WHAT YOU HAVE TO DO:
With pictures excluded, copy word for word the lines in the data below from the line containing "Used Mazda 3" through the line containing "Forever 21 Black V-Neck Ribbed Crop Top".

RECORDS FOR THE EXERCISE:
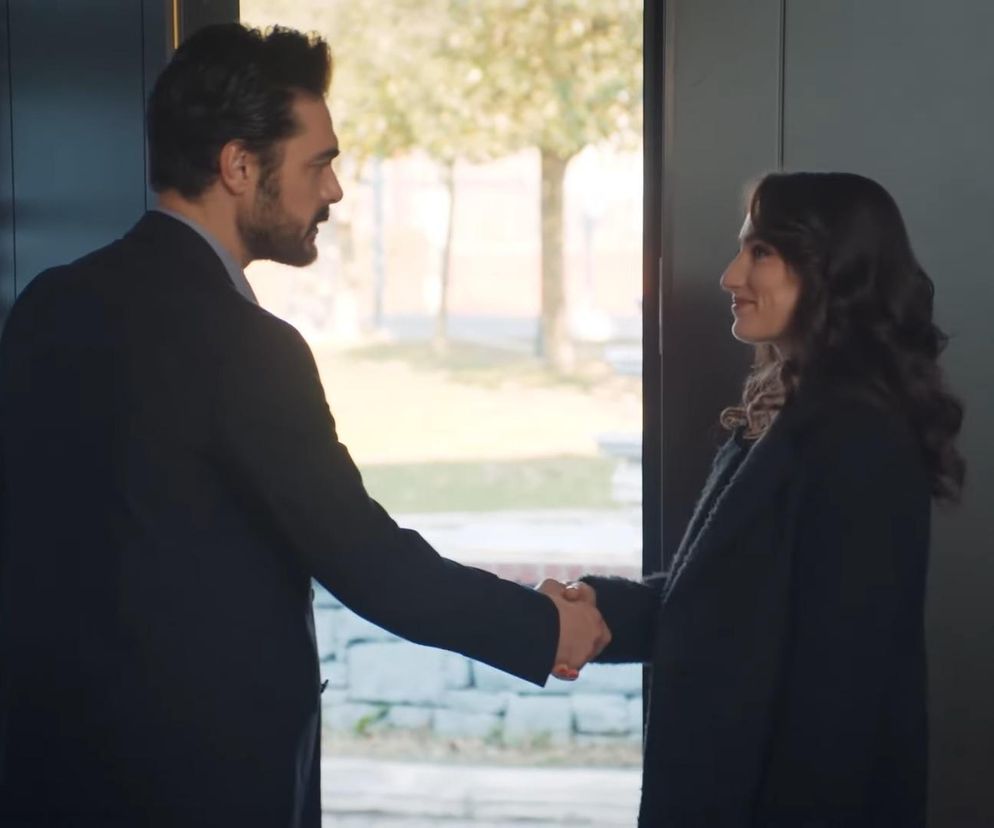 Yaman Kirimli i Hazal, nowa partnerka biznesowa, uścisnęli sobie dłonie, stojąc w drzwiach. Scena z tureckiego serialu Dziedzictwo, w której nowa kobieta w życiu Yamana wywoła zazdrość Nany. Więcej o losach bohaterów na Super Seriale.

--

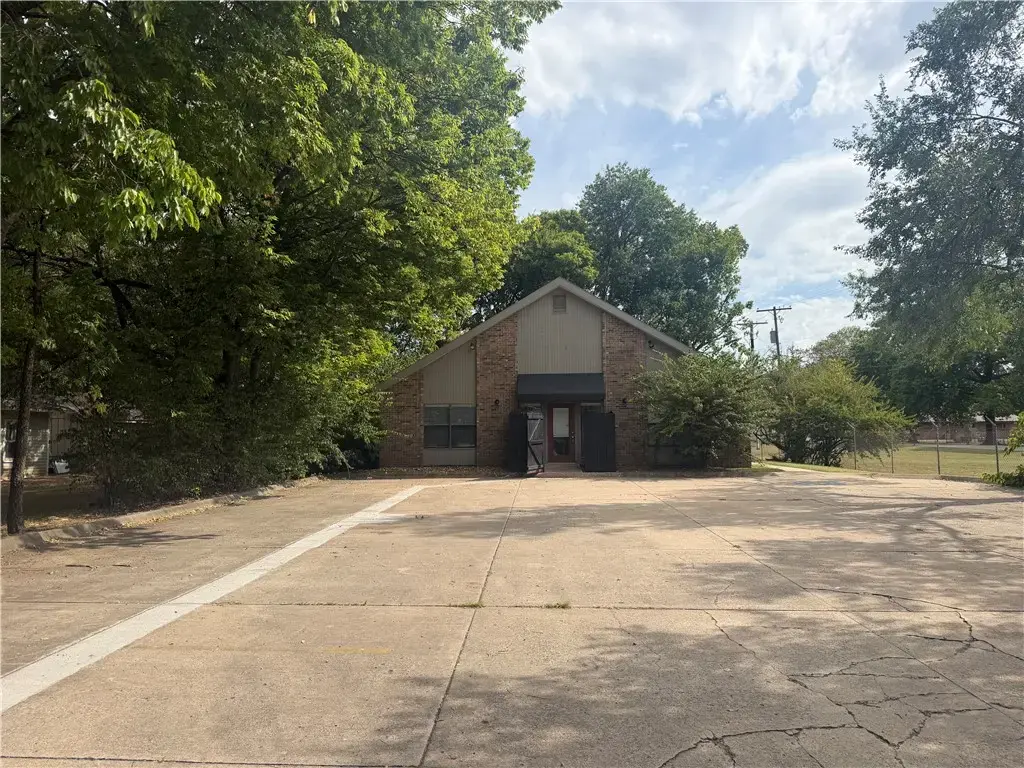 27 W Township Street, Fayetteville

--

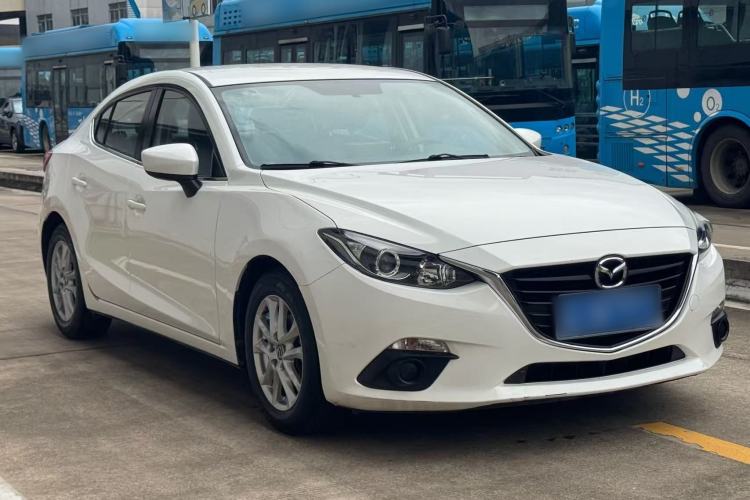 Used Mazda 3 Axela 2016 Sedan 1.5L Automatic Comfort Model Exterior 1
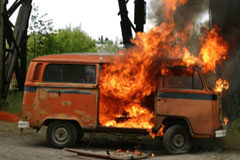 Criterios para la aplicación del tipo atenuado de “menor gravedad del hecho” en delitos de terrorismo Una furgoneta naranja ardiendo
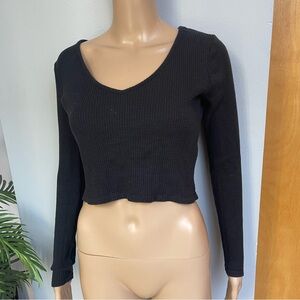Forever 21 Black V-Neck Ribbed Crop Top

ANSWER SPACE:
 Used Mazda 3 Axela 2016 Sedan 1.5L Automatic Comfort Model Exterior 1
 Criterios para la aplicación del tipo atenuado de “menor gravedad del hecho” en delitos de terrorismo Una furgoneta naranja ardiendo
Forever 21 Black V-Neck Ribbed Crop Top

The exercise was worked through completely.